Bacilles typhiques normaux considérablement grossis.
Bacilles tués par le contact avec du sang de vacciné.
Les études poursuivies en France démontrèrent bientôt que la vaccination antityphique avec microbes stérilisés par chauffage confère l'immunité aux animaux pour une dose de bacilles typhiques qui tue les animaux témoins. On n'en pouvait conclure, avec certitude, que pareille immunité serait conférée à l'homme; la chose, toutefois, semblait très probable. On avait traité des cobayes, des lapins, des chevaux; or, l'expérience a appris qu'un vaccin agissant sur des mammifères d'un ordre élevé se comporte presque toujours de façon analogue sur l'homme.
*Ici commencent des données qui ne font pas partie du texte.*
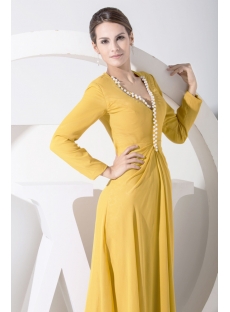 Modest Daffodil Chiffon Mother of Bride Dress with Long Sleeves WD1-046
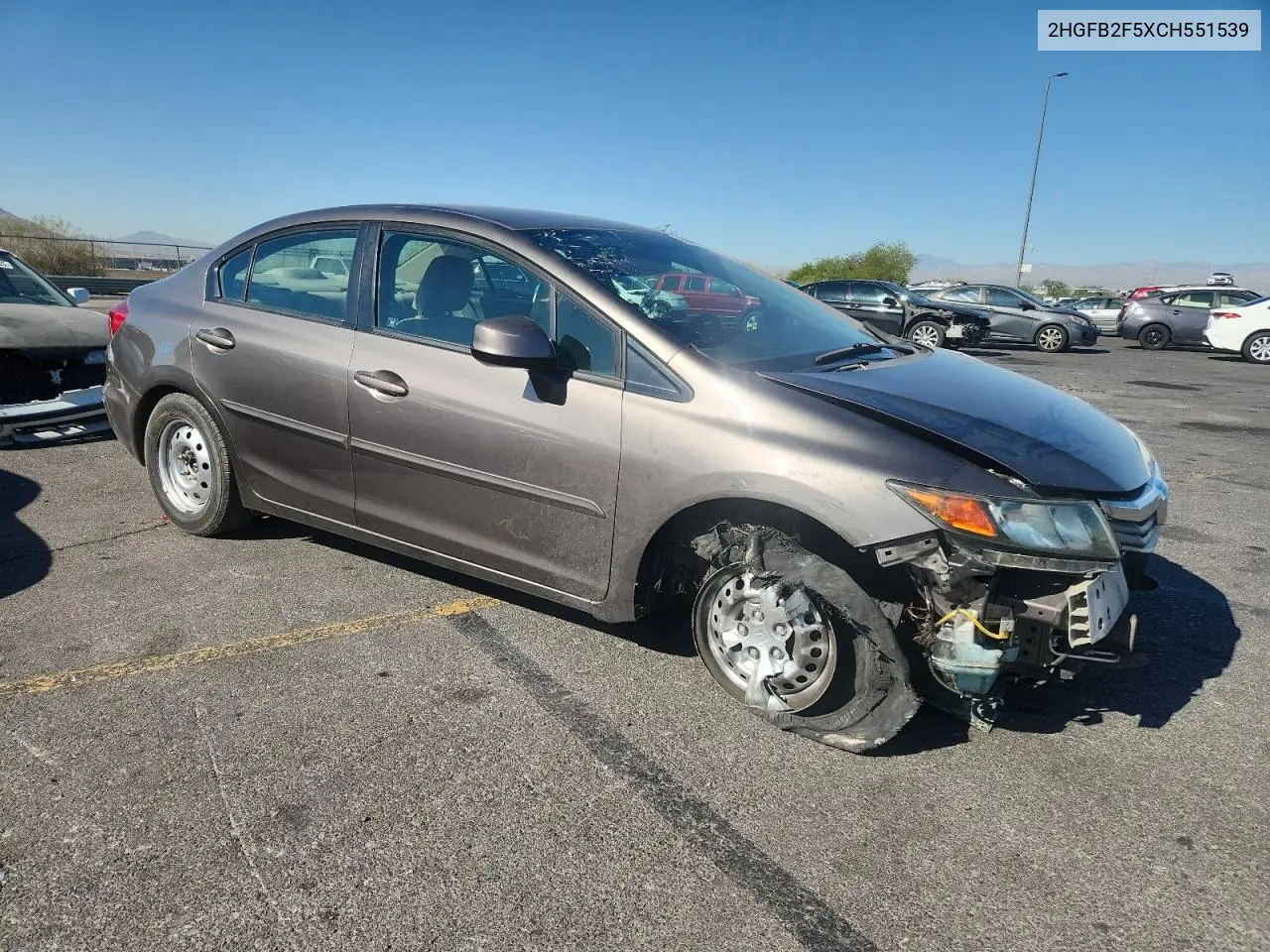 2012 Honda Civic Lx VIN: 2HGFB2F5XCH551539 Lot: 63046525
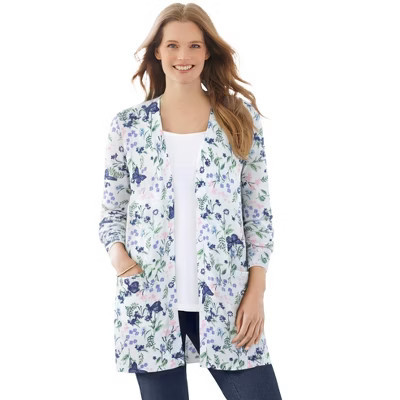 Woman Within Perfect Longer-Length Cotton Cardigan Sweater - 6X, White Butterfly Garden | Target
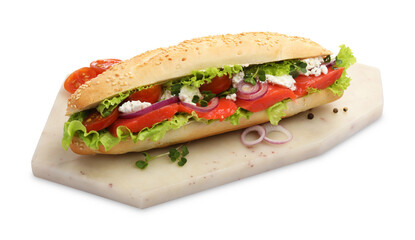 Delicious baguette sandwich with salmon isolated on white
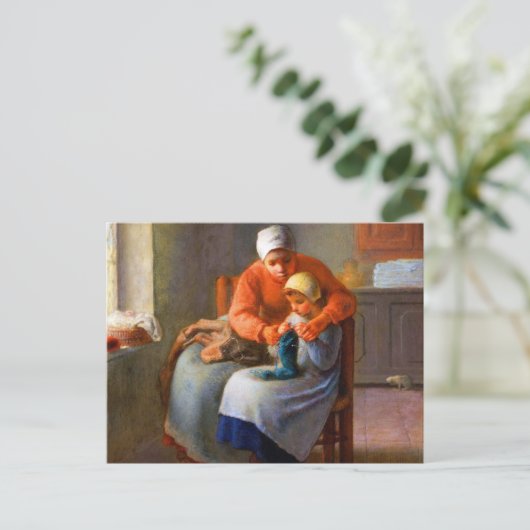 Die Kunststunde von Jean-François Millet Postkarte (Stehend Vorderseite)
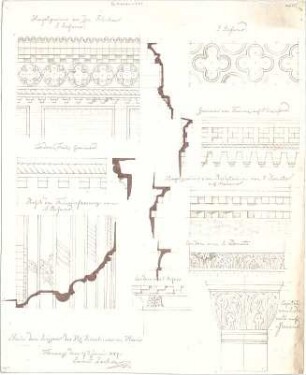 Zocher, Ernst; Murano (bei Venedig, Italien); S. Stefano, S. Christoforo, S. Donato - Gesims (Details, Schnitte)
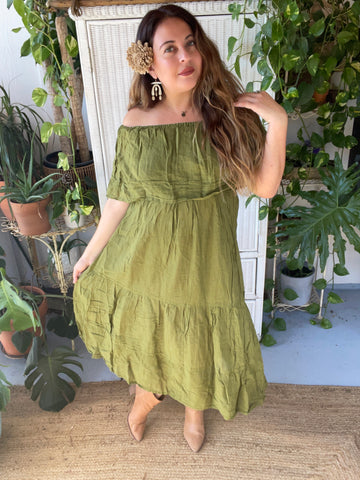Cotton Gauze off the shoulder dress (Olive)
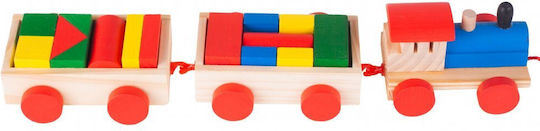 MalPlay Cuburi De Construit Wooden Train Din Lemn Pentru 1.5+ Ani 19 Bucăți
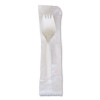 Mediumweight Wrapped Polypropylene Cutlery, Spork, Plastic, White, 1000/Carton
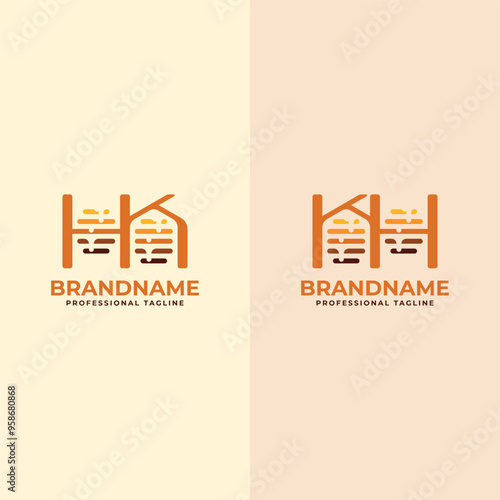 Letters HK Honeycomb Logo, Perfect for Beekeeping and Honey Producers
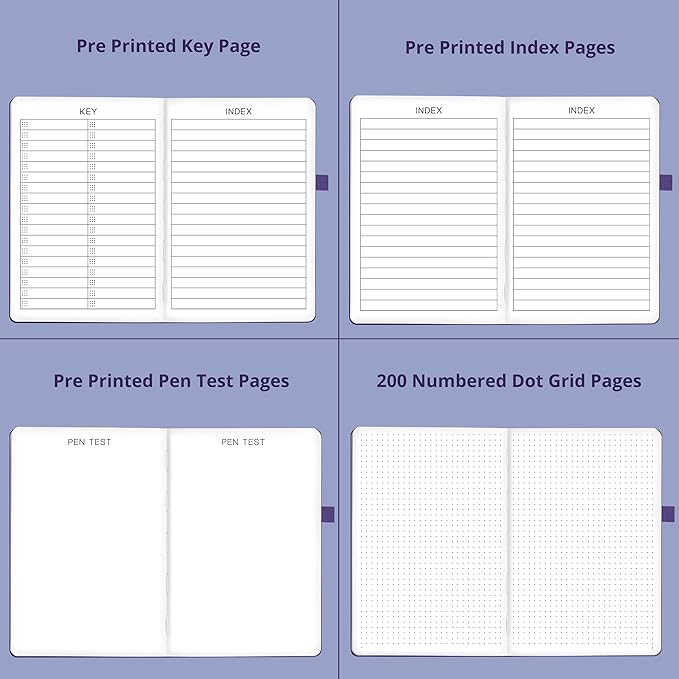 VIVID SCRIBBLES Dotted Journal – 140gsm Bleed Proof Thick White Paper – 200 Numbered Dot Grid Pages – 5.8 x 8.3 inch Bullet Dotted Notebook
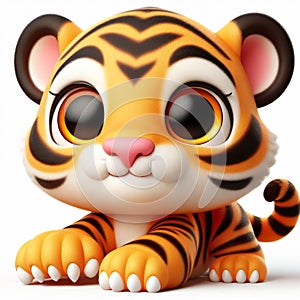 3D funny tiger cartoon. Wild animals for children\'s illustrations. AI generated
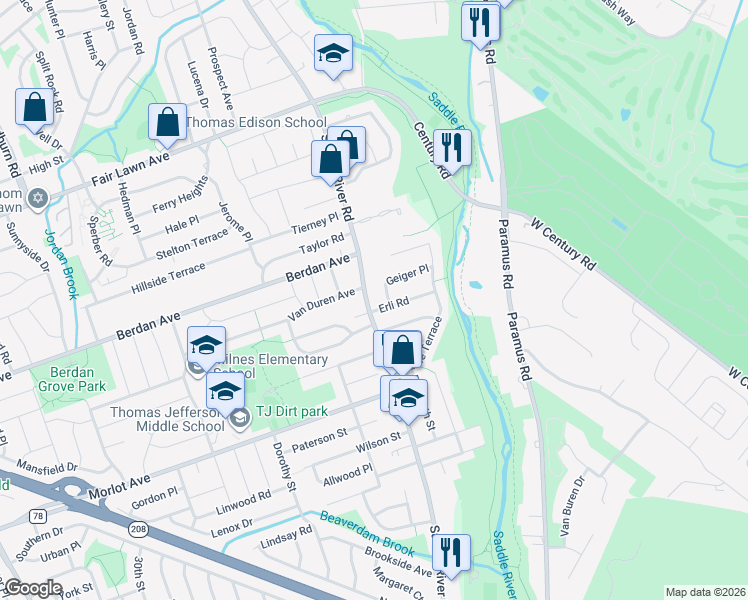 map of restaurants, bars, coffee shops, grocery stores, and more near 11-04 Saddle River Road in Fair Lawn
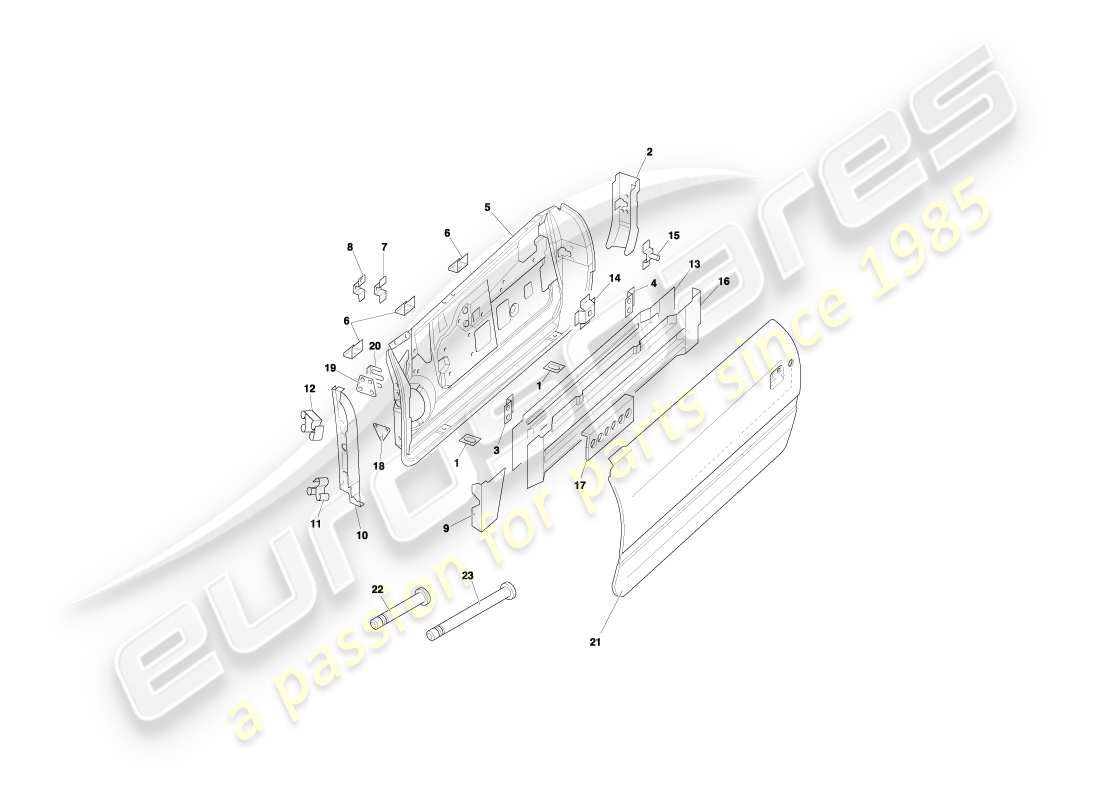 aston martin db7 vantage (1999) diagrama de piezas de puertas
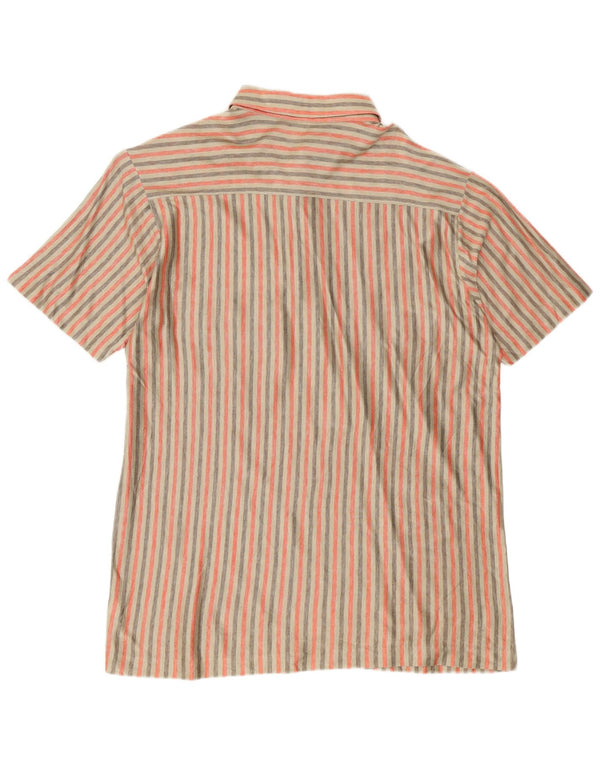 Camicia pullover a maniche corte vintage da uomo in cotone a righe beige grande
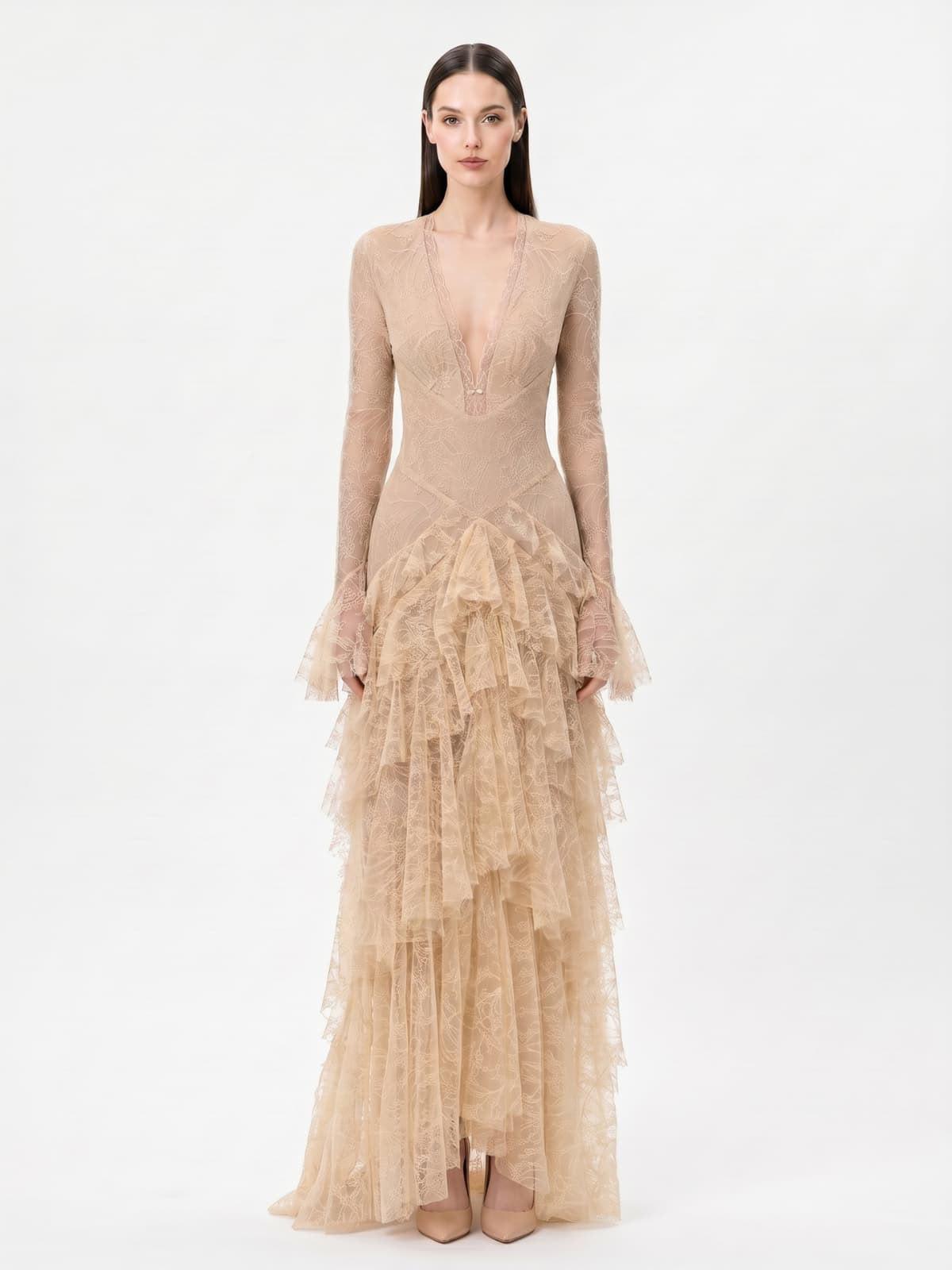 Rochie cu volane din dantelă - imagine 2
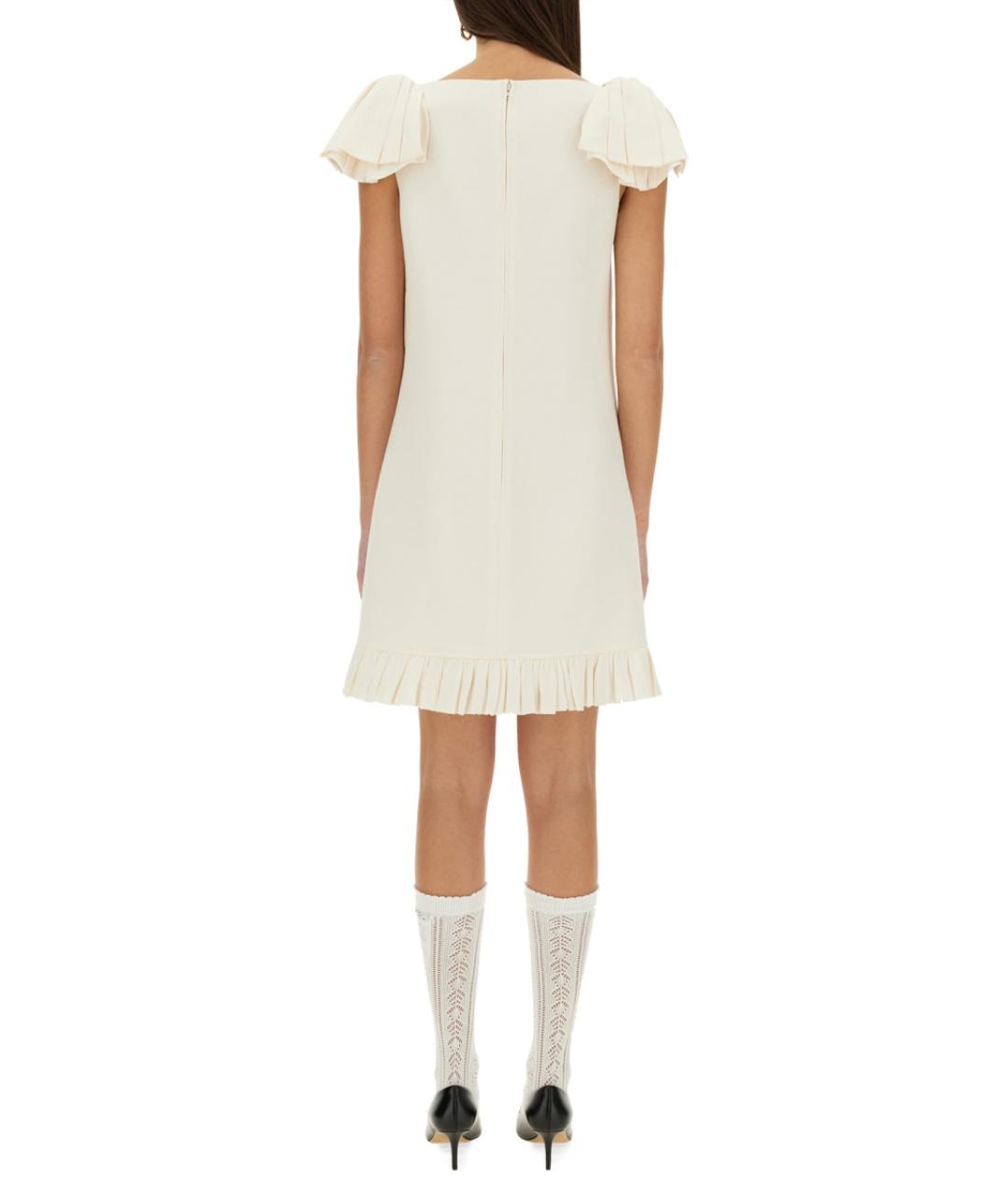 VALENTINO Бежевое шерстяное коктейльное платье, фото 4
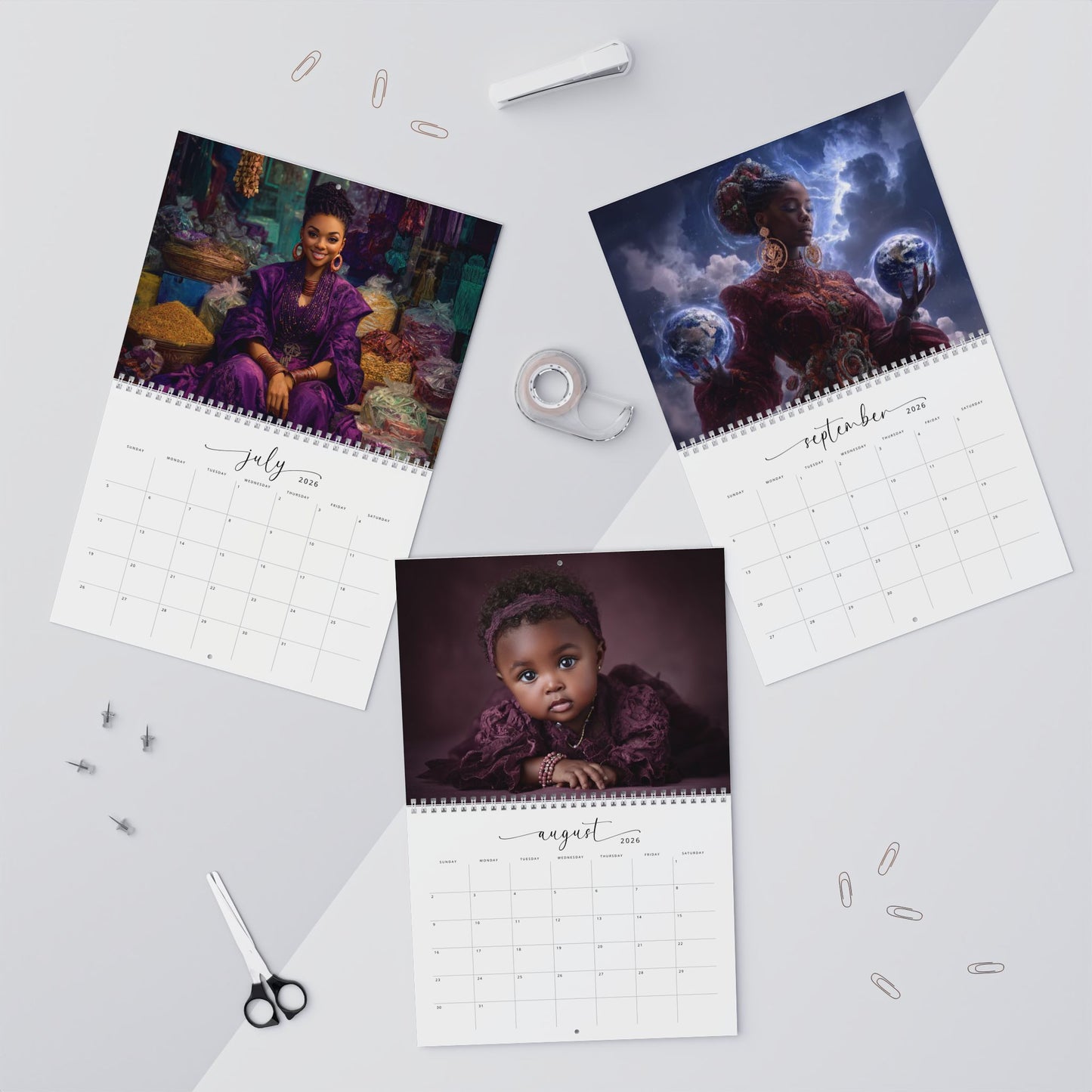 Yemaya Goddess of the Ocean Wall Calendar — 12-Month Spiritual Oceanic Art Calendar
Mais les expériences de Chantemesse et Widal soulevèrent d'assez vives polémiques; le monde médical les accueillit avec réserve.
On objectait avec insistance que les symptômes et les lésions de la fièvre typhoïde ne sont pas les mêmes chez l'animal et chez l'homme; qu'il serait imprudent, par conséquent, d'inoculer à l'homme un vaccin éprouvé seulement sur des animaux. Le docteur Chantemesse répondait que la dissimilitude des lésions importe peu, la fièvre typhoïde étant un empoisonnement du sang qui se manifeste de façon semblable chez l'homme et chez l'animal. Néanmoins, devant l'opposition qu'il sentait autour de lui, le savant professeur n'osa pas expérimenter sur l'homme.
Ce sont deux Allemands, Pfeiffer et Kollé, qui, s'inspirant de la méthode française, prirent les premiers une initiative jugée alors fort audacieuse. En 1896, ils injectèrent à un garçon de laboratoire du vaccin stérilisé par chauffage. Le garçon n'éprouva aucune gêne, ce qui était un point important acquis; mais on ne fit aucune expérience subséquente pour constater s'il était immunisé.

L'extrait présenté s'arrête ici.